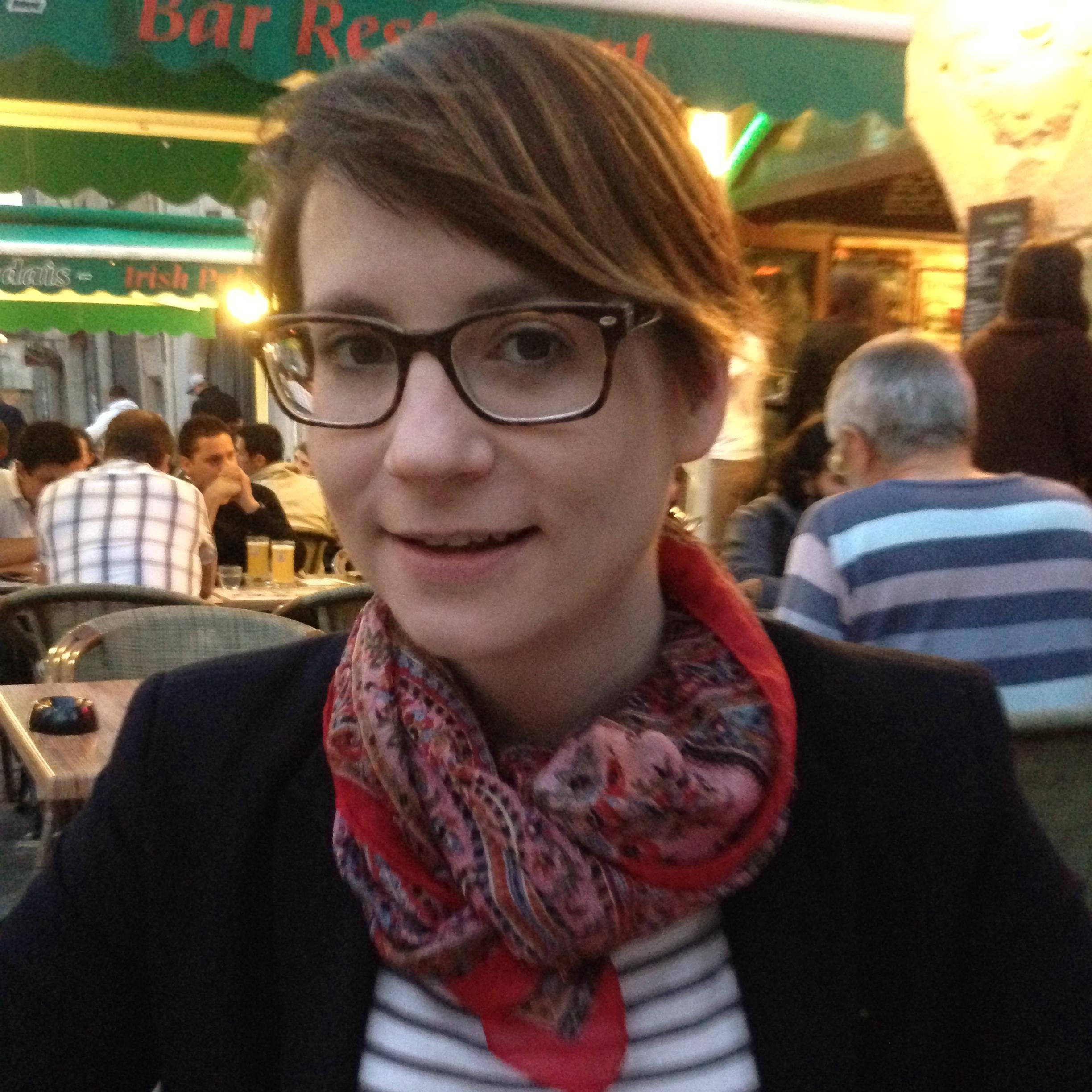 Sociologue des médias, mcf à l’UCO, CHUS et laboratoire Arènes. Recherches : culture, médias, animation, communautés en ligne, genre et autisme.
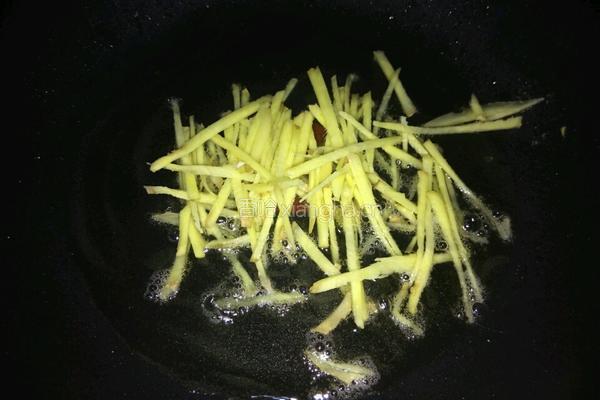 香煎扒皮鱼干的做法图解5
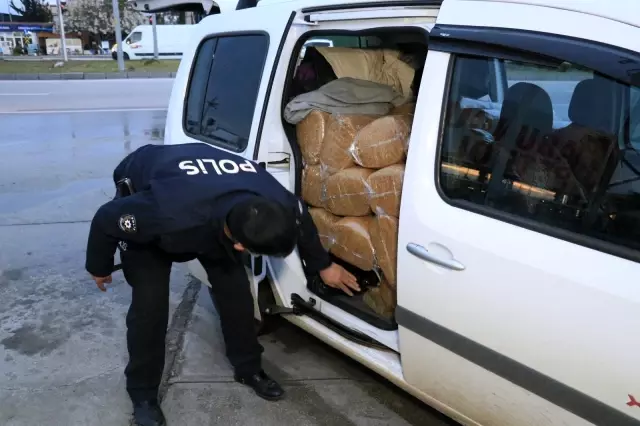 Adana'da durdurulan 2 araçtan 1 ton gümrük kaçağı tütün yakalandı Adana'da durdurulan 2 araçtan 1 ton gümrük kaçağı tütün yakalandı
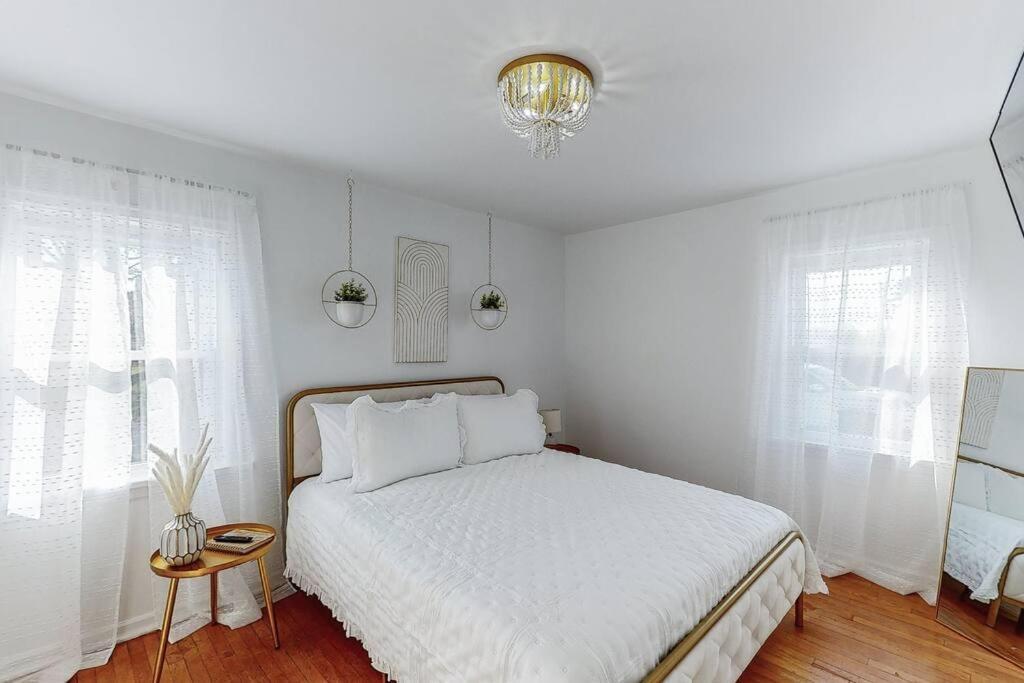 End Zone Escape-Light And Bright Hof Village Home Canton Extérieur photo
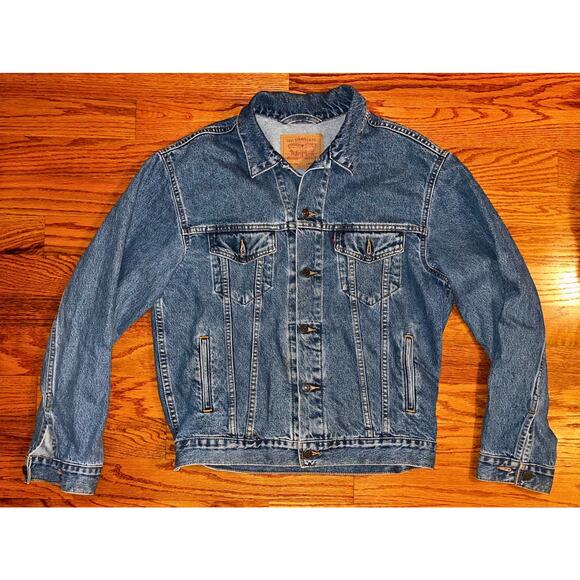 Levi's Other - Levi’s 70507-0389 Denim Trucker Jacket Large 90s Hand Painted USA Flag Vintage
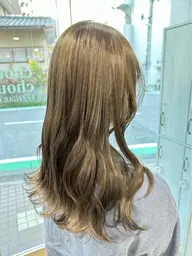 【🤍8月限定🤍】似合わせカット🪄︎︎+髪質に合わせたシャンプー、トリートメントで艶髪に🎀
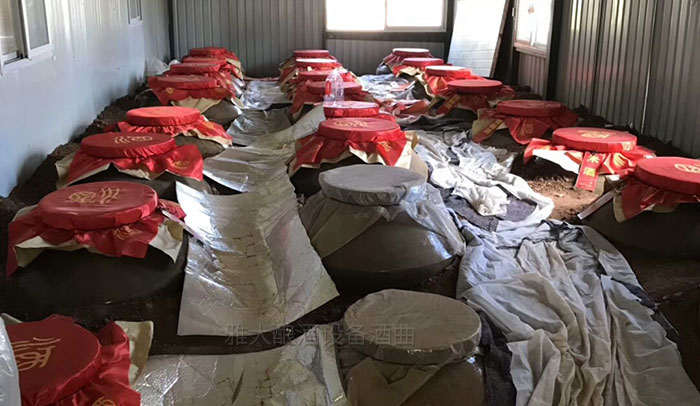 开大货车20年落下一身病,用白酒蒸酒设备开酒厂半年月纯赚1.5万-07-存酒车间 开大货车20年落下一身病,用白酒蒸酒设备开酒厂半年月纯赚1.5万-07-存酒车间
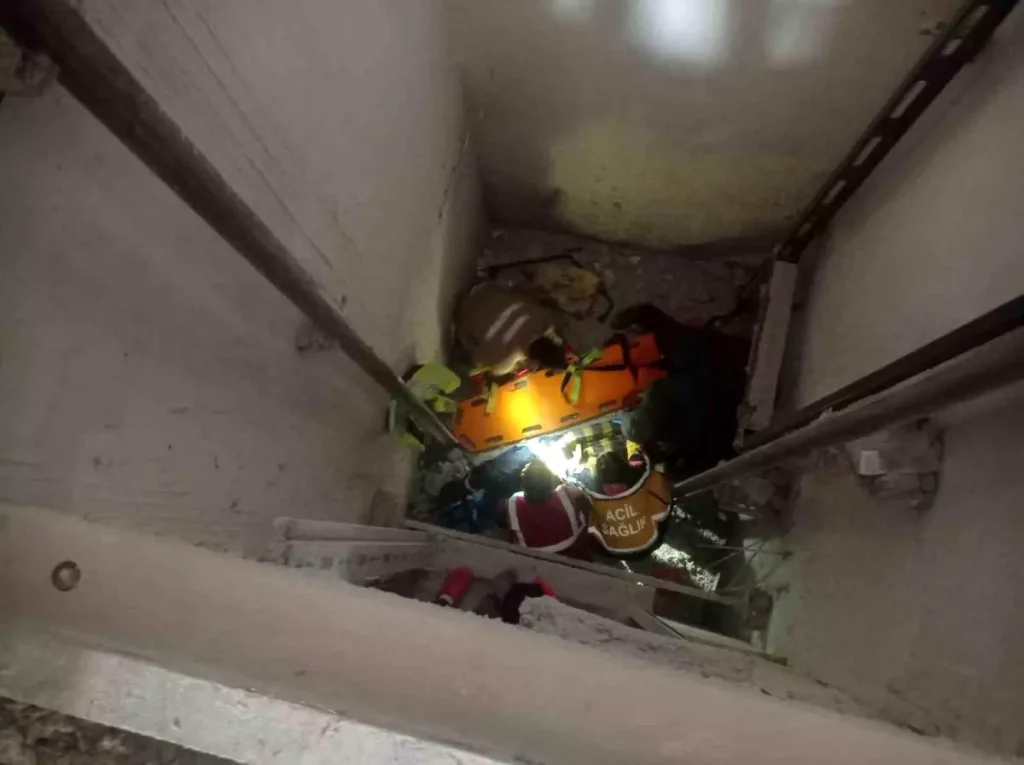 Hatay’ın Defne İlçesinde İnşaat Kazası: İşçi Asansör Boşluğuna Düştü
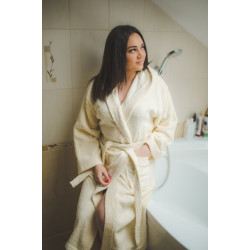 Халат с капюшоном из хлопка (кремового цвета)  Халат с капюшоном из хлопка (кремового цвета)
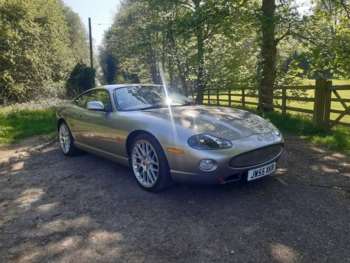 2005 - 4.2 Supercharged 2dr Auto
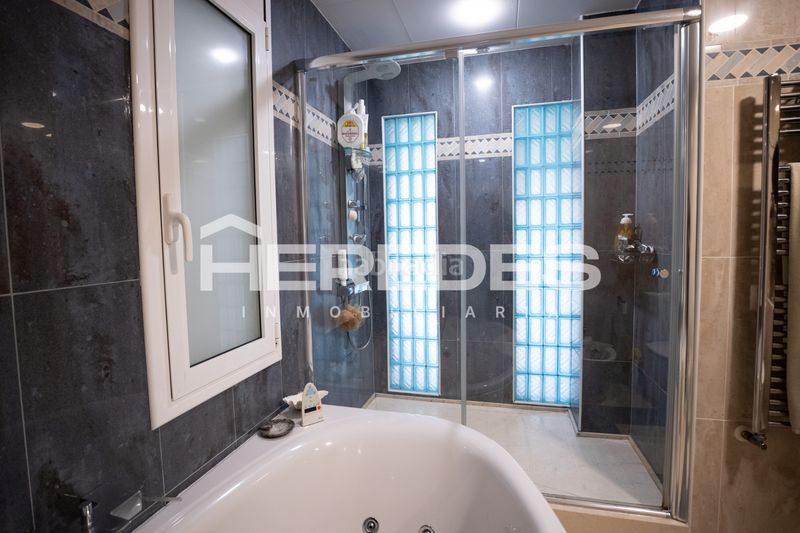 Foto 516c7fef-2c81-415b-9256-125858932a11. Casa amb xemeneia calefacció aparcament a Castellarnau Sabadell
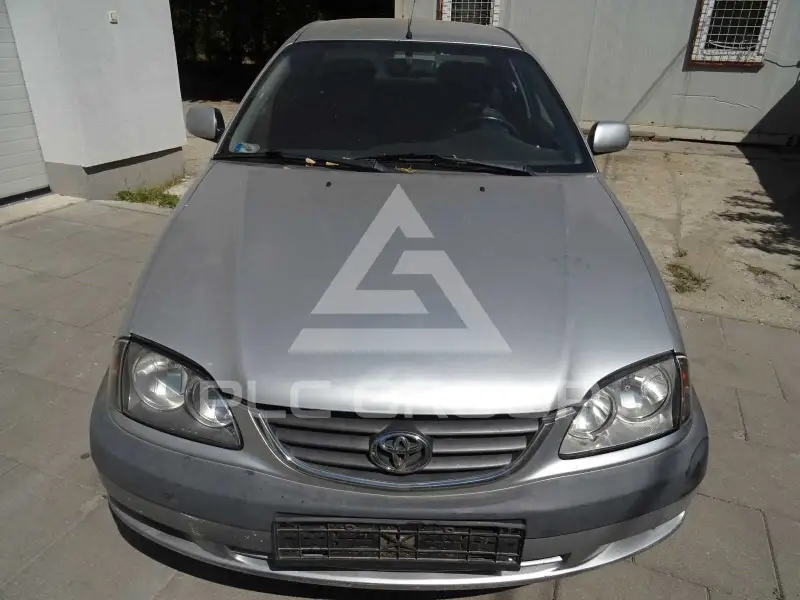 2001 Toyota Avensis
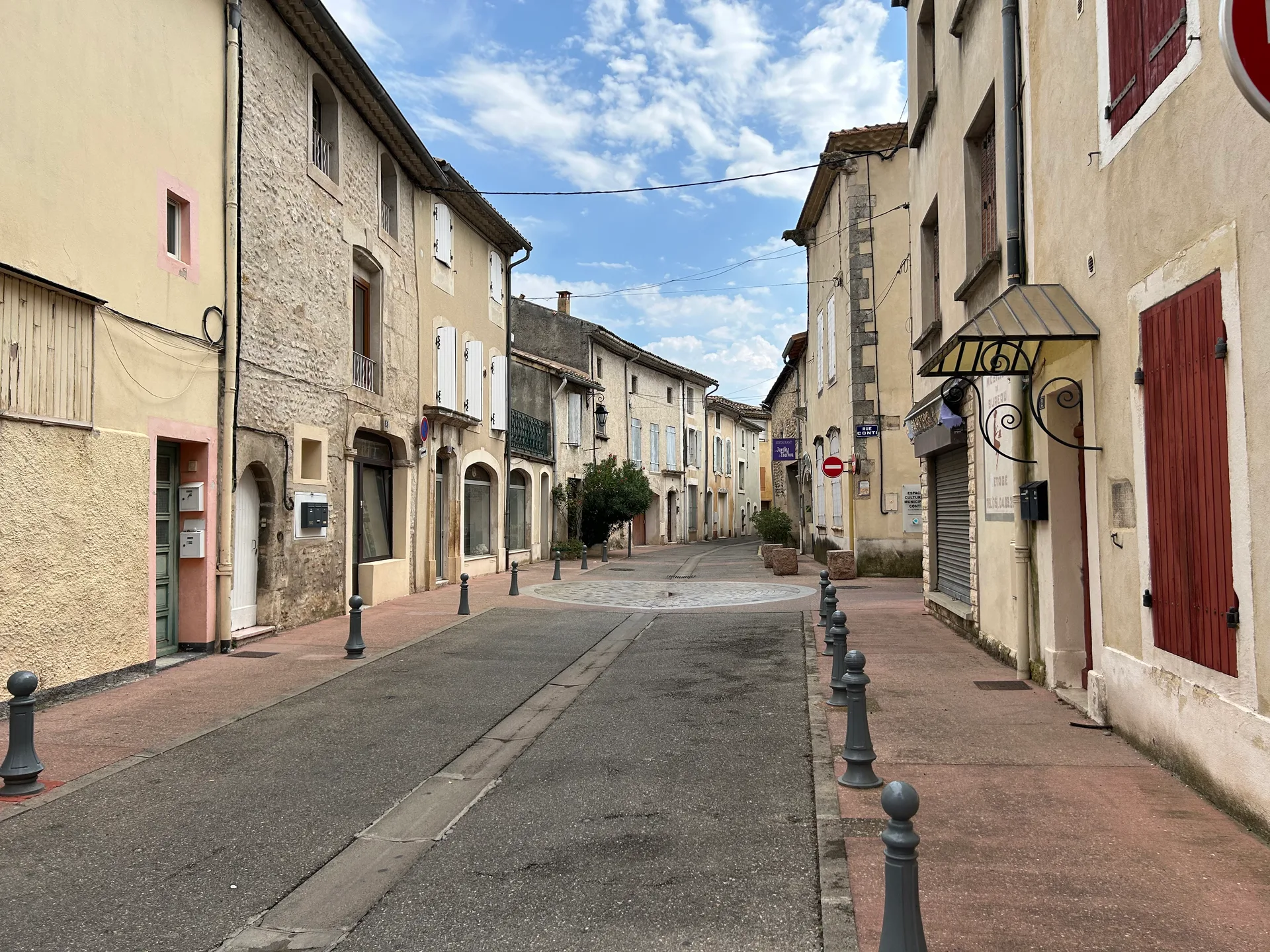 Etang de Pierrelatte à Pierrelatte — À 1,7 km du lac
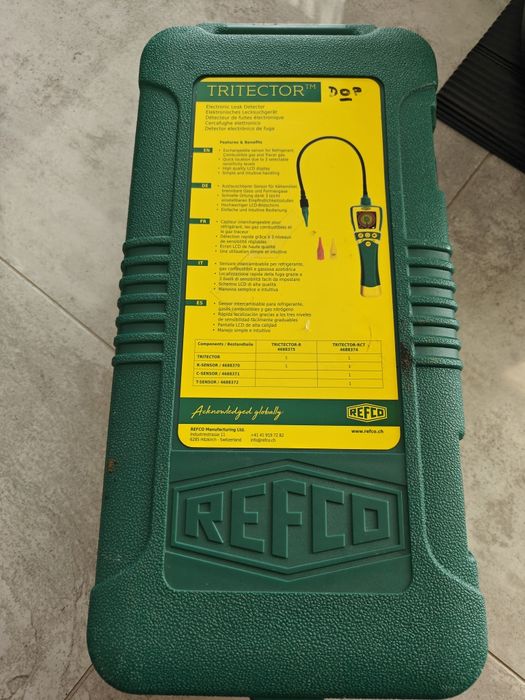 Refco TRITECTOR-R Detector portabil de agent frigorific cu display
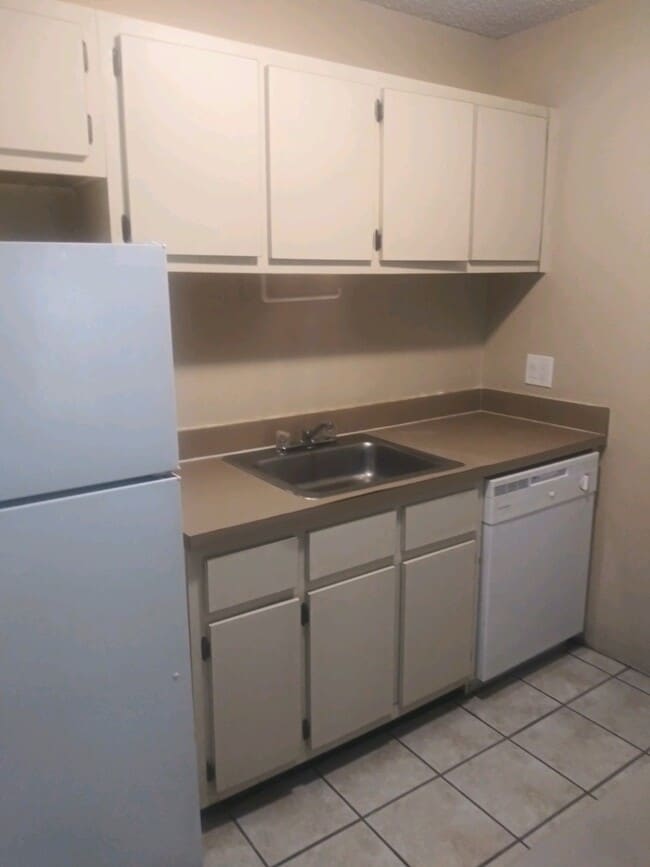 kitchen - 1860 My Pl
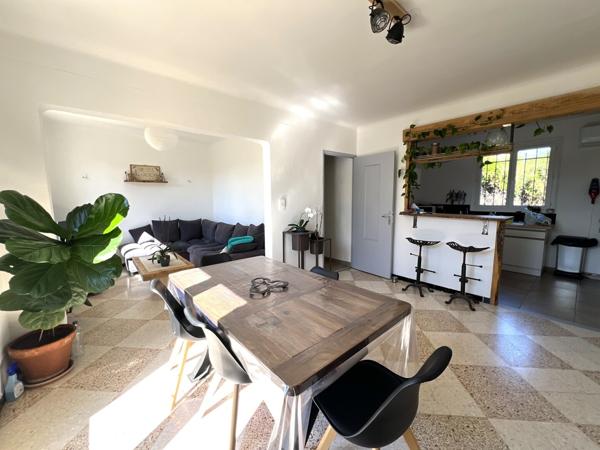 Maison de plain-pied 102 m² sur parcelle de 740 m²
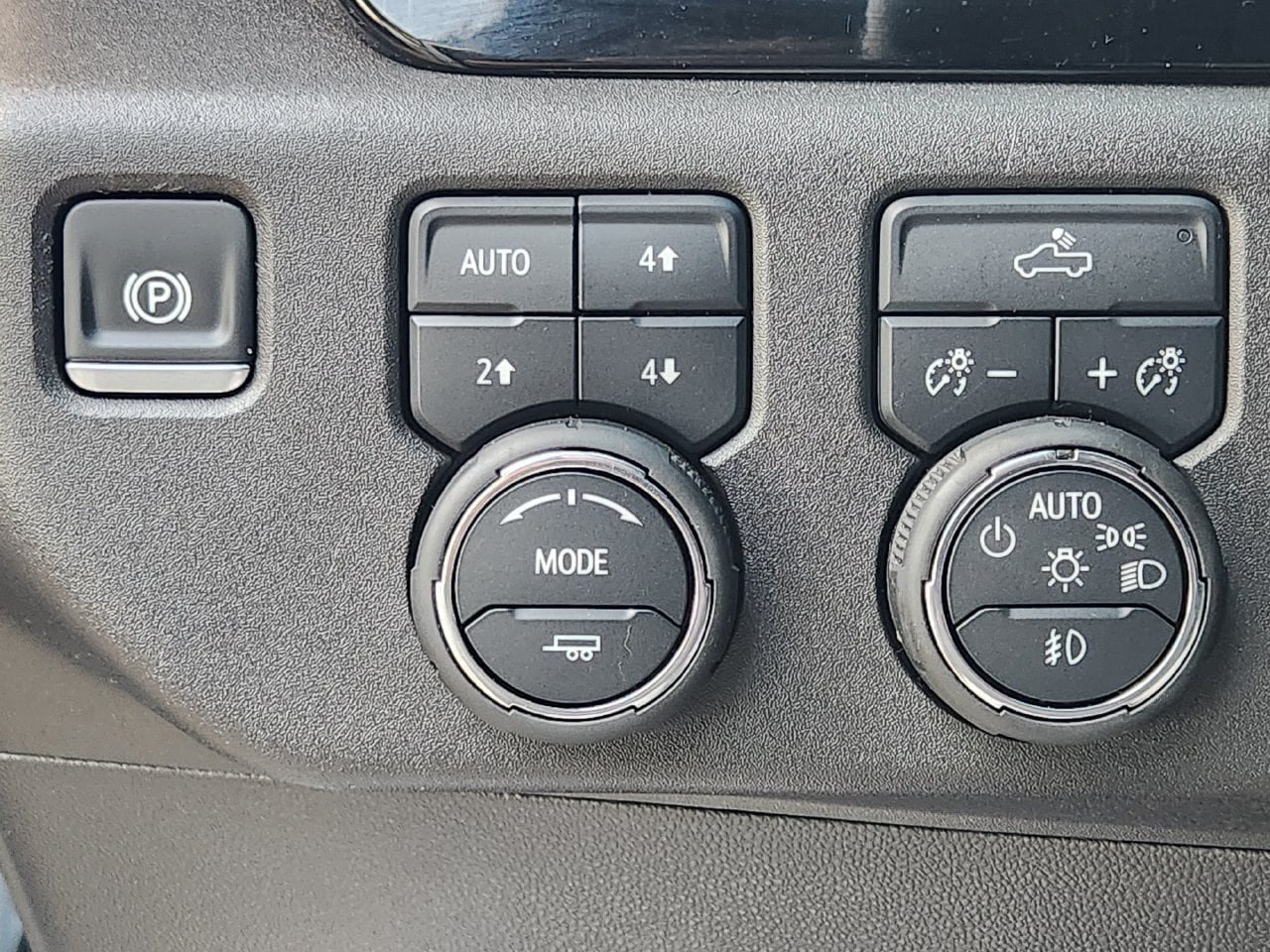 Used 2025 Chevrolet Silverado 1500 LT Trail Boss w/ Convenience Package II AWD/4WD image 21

- - - -

• **DIRECTIONS**:
Every word of the data should be reproduced exactly; please omit any pictures.

• **ANSWER TO THE PROBLEM**:
 Sociologue des médias, mcf à l’UCO, CHUS et laboratoire Arènes. Recherches : culture, médias, animation, communautés en ligne, genre et autisme.
 香煎扒皮鱼干的做法图解5
 Adana'da durdurulan 2 araçtan 1 ton gümrük kaçağı tütün yakalandı Adana'da durdurulan 2 araçtan 1 ton gümrük kaçağı tütün yakalandı
 End Zone Escape-Light And Bright Hof Village Home Canton Extérieur photo
 Levi's Other - Levi’s 70507-0389 Denim Trucker Jacket Large 90s Hand Painted USA Flag Vintage
 【🤍8月限定🤍】似合わせカット🪄︎︎+髪質に合わせたシャンプー、トリートメントで艶髪に🎀
 开大货车20年落下一身病,用白酒蒸酒设备开酒厂半年月纯赚1.5万-07-存酒车间 开大货车20年落下一身病,用白酒蒸酒设备开酒厂半年月纯赚1.5万-07-存酒车间
 Hatay’ın Defne İlçesinde İnşaat Kazası: İşçi Asansör Boşluğuna Düştü
 Халат с капюшоном из хлопка (кремового цвета)  Халат с капюшоном из хлопка (кремового цвета)
 2005 - 4.2 Supercharged 2dr Auto
 Foto 516c7fef-2c81-415b-9256-125858932a11. Casa amb xemeneia calefacció aparcament a Castellarnau Sabadell
 2001 Toyota Avensis
 Etang de Pierrelatte à Pierrelatte — À 1,7 km du lac
 Refco TRITECTOR-R Detector portabil de agent frigorific cu display
 kitchen - 1860 My Pl
 Maison de plain-pied 102 m² sur parcelle de 740 m²
 Used 2025 Chevrolet Silverado 1500 LT Trail Boss w/ Convenience Package II AWD/4WD image 21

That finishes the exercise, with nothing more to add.